Already under fire for labeling President Obama "the food-stamp president," Newt Gingrich on Thursday touched off further controversy for declaring he would visit the NAACP and explain to the organization why African-Americans should "not be satisfied with" food stamps.
The former House speaker's remarks came in the wake of Rick Santorum's earlier comment in which he appeared to single out African-Americans as recipients of federal aid -- a statement that an NAACP official declared "inaccurate and outrageous." Santorum has denied he was singling out blacks.
Gingrich, in a variation of a line he has used in other recent speeches, said in New Hampshire, "I’m prepared, if the NAACP invites me, I’ll go to their convention and talk about why the African-American community should demand paychecks and not be satisfied with food stamps."
"And I’ll go to them and explain a brand new Social Security opportunity for young people, which would be particularly good for African-American males because they are the group that gets the smallest return on Social Security because they have the shortest life span. And under Social Security today, you don’t build up an estate," Gingrich said.
The NAACP offered no immediate comment on the former House speaker's remarks. But on the website YourBlackWorld,com, political analyst and commentator Boyce Watkins wrote: "I’m not sure where Gingrich is getting his perception of the black experience in America. I’ve never asked for a welfare check in my life, and neither have most of my friends."
His comments also prompted the left-leaning Center for American Progress to write on its ThinkProgress blog: "Not only is his perception of food-stamp beneficiaries prejudicial, it’s false."
The center noted that whites comprise the majority of people who participate in the food-stamp program, formally called the Supplemental Nutrition Assistance Program. Most of the participants, it added, are also either children or senior citizens.

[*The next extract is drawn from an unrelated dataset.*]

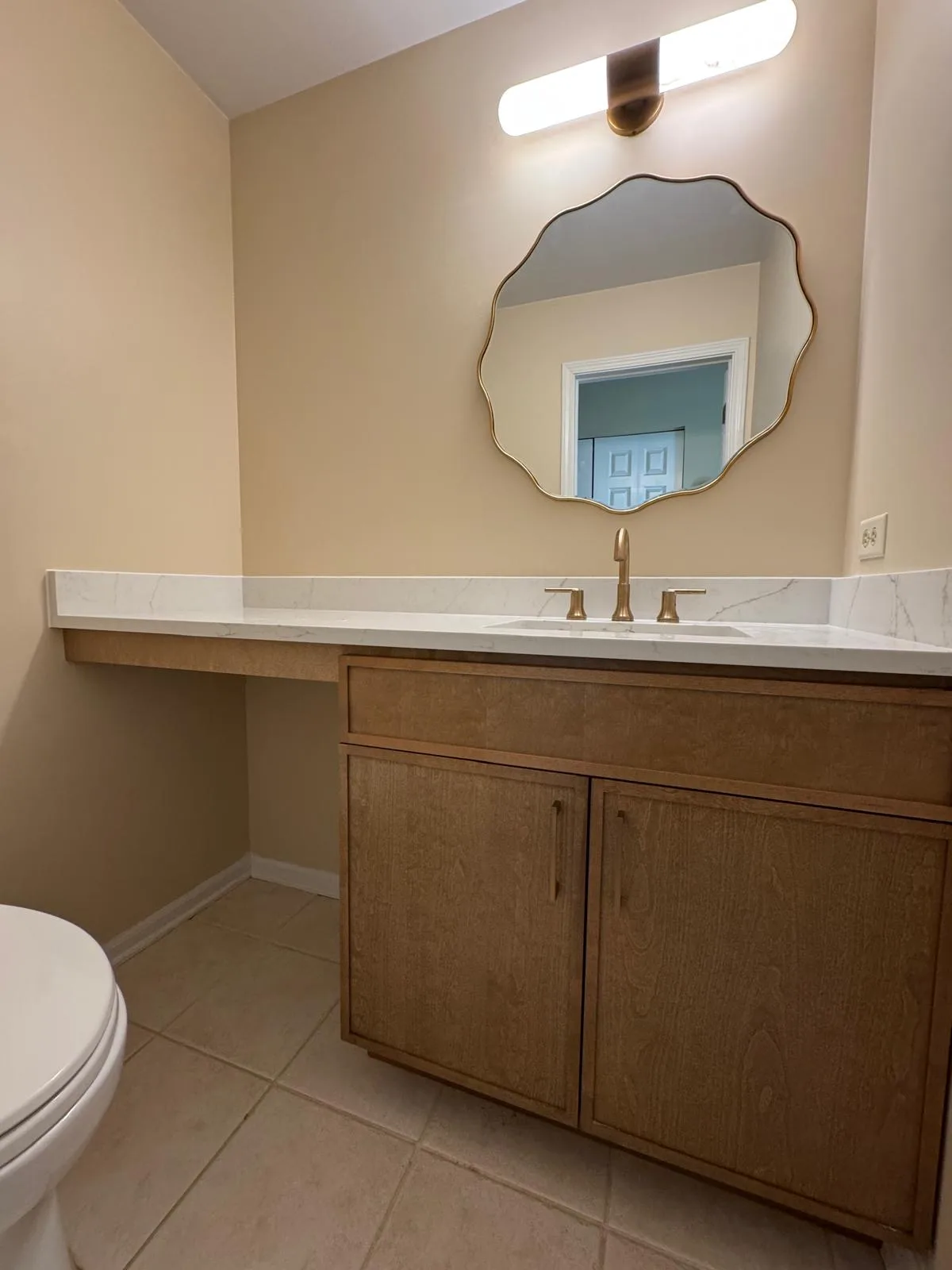 Drywall finishing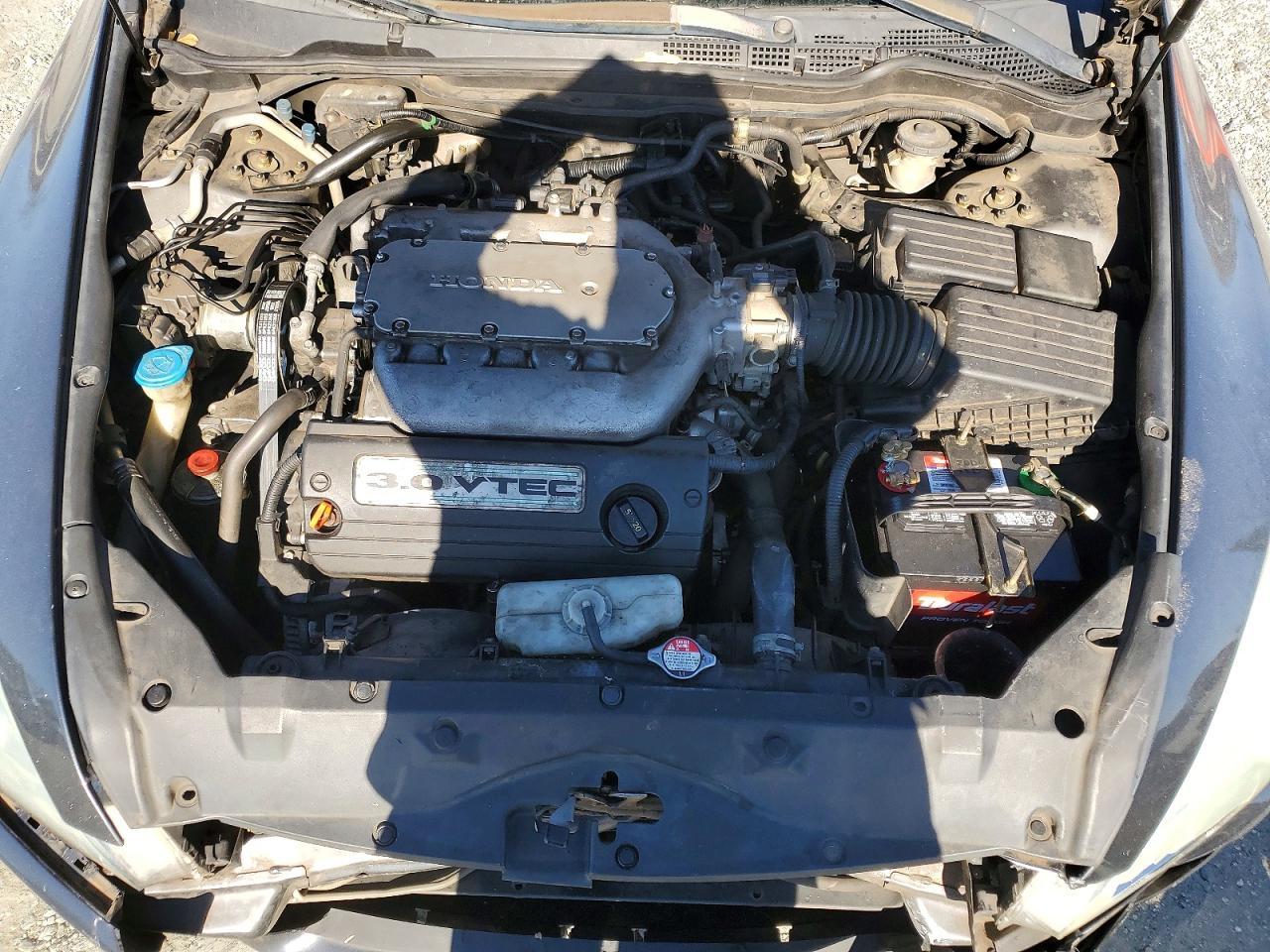 2004 HONDA ACCORD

Gingrich spokesman R.C. Hammond said Thursday in response to the criticism: "Newt believes that every American should have the opportunity to earn a paycheck, rather than be given a food stamp, and he is prepared to make that case in every neighborhood to all groups of all backgrounds in America. Furthermore, this theme of taking the conservative message to every American -- including the NAACP -- has been a constant refrain during Newt's entire career."
Gingrich has actually tried in his recent comments invoking the NAACP to demonstate his commitment to reaching beyond traditional GOP groups to Democratic constituencies.
On Wednesday he said: "My goal is to create a very big coalition. If the NAACP invites me, I will come and speak. If the various Latino groups invite me, I will come and speak. If the construction unions get fed up enough over the [Keystone] pipeline and invite me, I will come and speak."
And last month in Columbia, S.C., for example, he said: "Outreach is when five white guys hold a meeting and then call you. Inclusion is when you’re in the meeting. And I can assure you precisely because we want to decentralize back home, we want to have people back home with a bigger responsibility, that’s why I’m asking you to be with me. I want every community in America to have a better future.
"And I will tell you, unlike some candidates, if the NAACP invites me to come to their annual convention, I’m going to come there and I’m going to invite them to join us in getting America back on the right track so every American can work."
Two Gingrich surrogates -- former New Hampshire Sen. Bob Smith and former Ohio Rep. Bob McEwen -- sought to make the case on Thursday that their onetime-House colleague would be a stronger candidate in a general election against Obama than Mitt Romney.
“You have to remember that in the Iowa caucus, 75 percent of the voters did not pick Romney," Smith told reporters in a conference call.
McEwen was even more blunt, saying of Romney: “I don’t know how a party can nominate a guy like that and expect to win.”
In a subsequent interview with Fox News' Sean Hannity, Gingrich lumped himself with Santorum and Texas Gov. Rick Perry in further distinguishing himself from Romney.
"Santorum and Perry and I all three represent an American conservatism that is dramatically different than a Massachusetts moderate," he said. "We all naturally have a similar reaction to Romney's policies ... We three would write a platform more conservative than the platform that Romney would want to write."